__Dataset__:

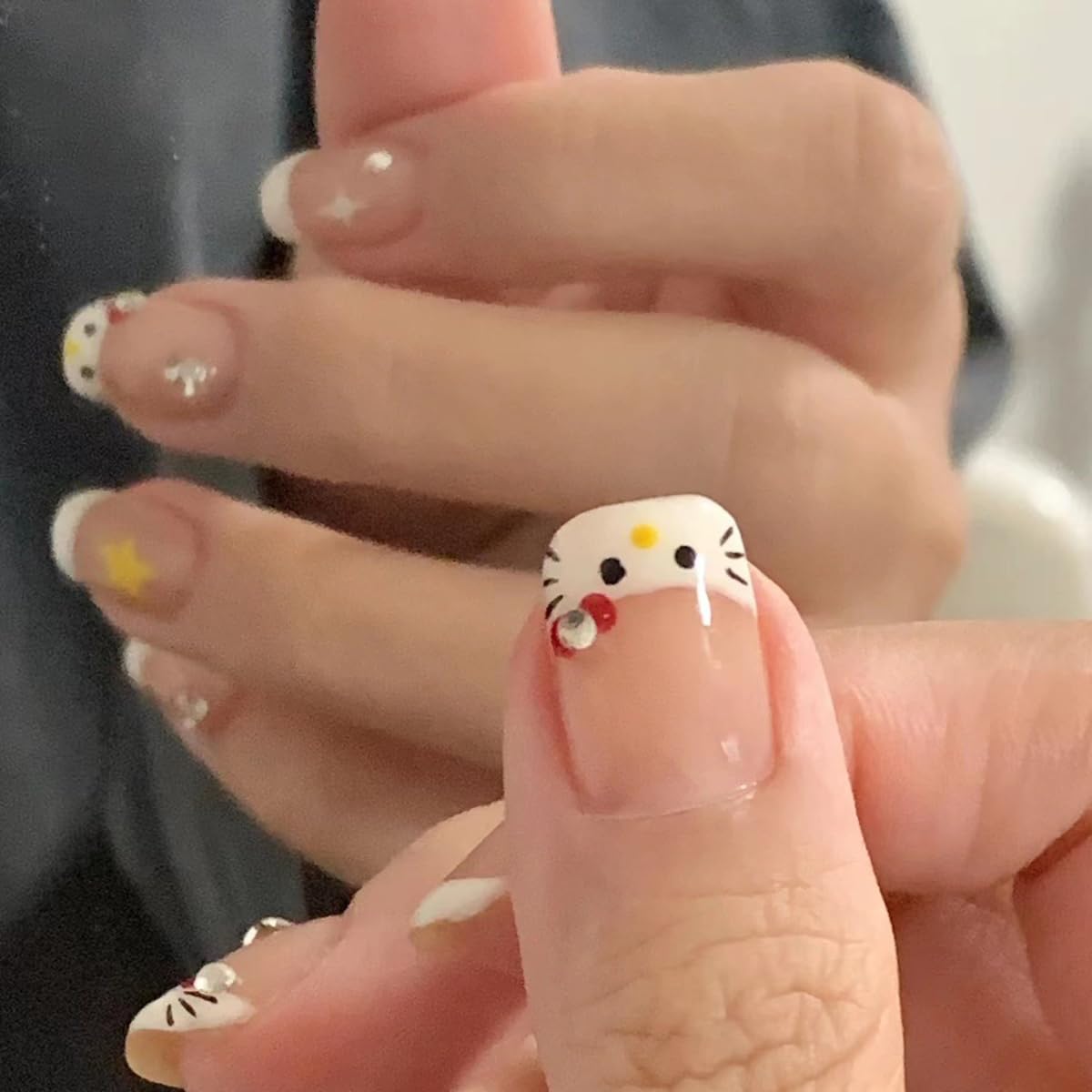 24Pcs French Tip Press on Nails Short Square Fake Nails Cute Stars with Rhinestones Designs Short French Acrylic Nails White Nail Tip Artificial Nails for Women Girls Nail Art Decorations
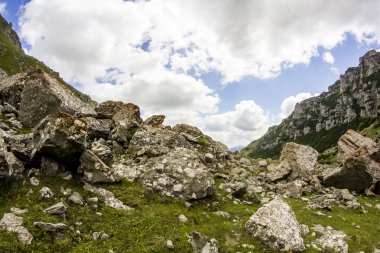 Romanya 'daki Güney Karpatlar' ın bir parçası olan Bucegi Dağları 'ndan manzara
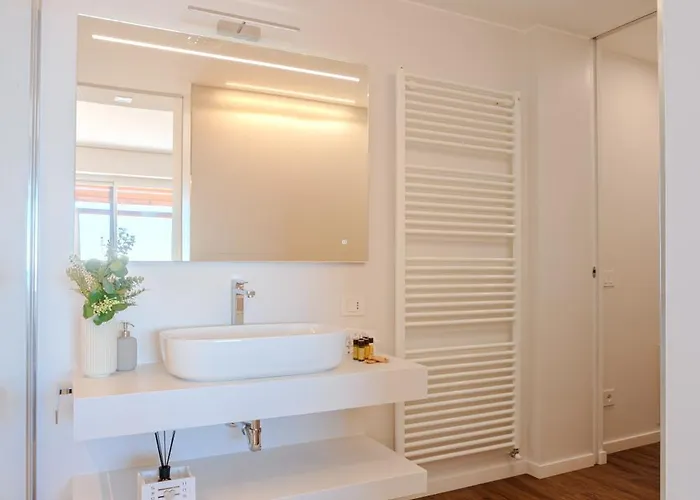 아파트 A Ca' Di Chiara E Fabio - Panoramica Maggiore 레사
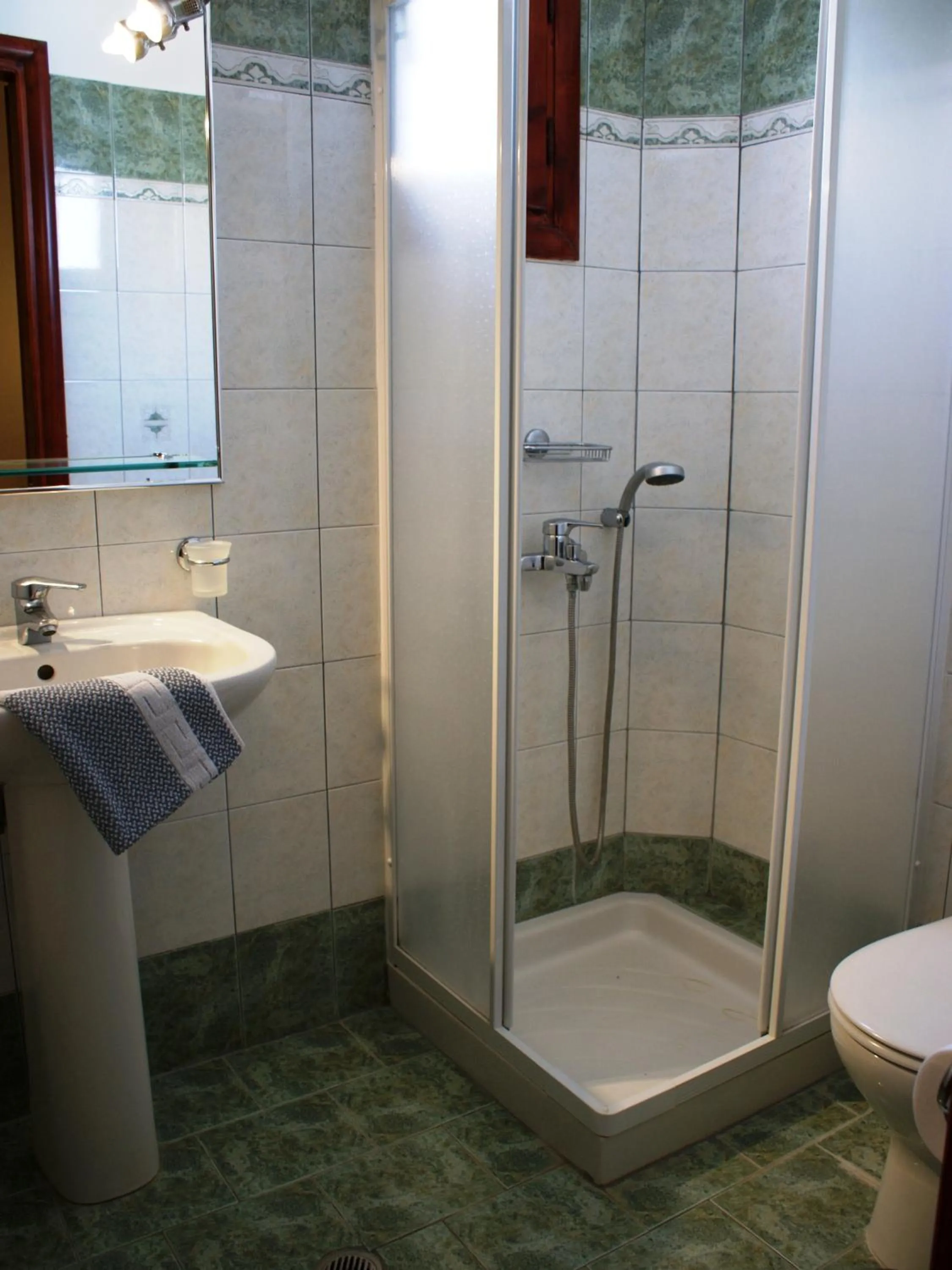 Bathroom in Plaka Hotel I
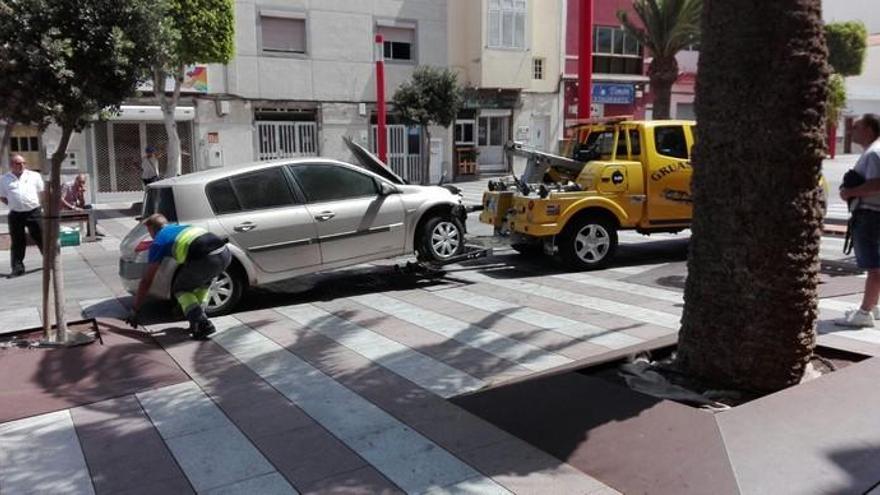 Arde un coche en Playa de Arinaga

__Brief__:
Each entry gets copied exactly; the pictures stay out.

__Exercise result__:
 24Pcs French Tip Press on Nails Short Square Fake Nails Cute Stars with Rhinestones Designs Short French Acrylic Nails White Nail Tip Artificial Nails for Women Girls Nail Art Decorations
 Romanya 'daki Güney Karpatlar' ın bir parçası olan Bucegi Dağları 'ndan manzara
 아파트 A Ca' Di Chiara E Fabio - Panoramica Maggiore 레사
 Bathroom in Plaka Hotel I
 Arde un coche en Playa de Arinaga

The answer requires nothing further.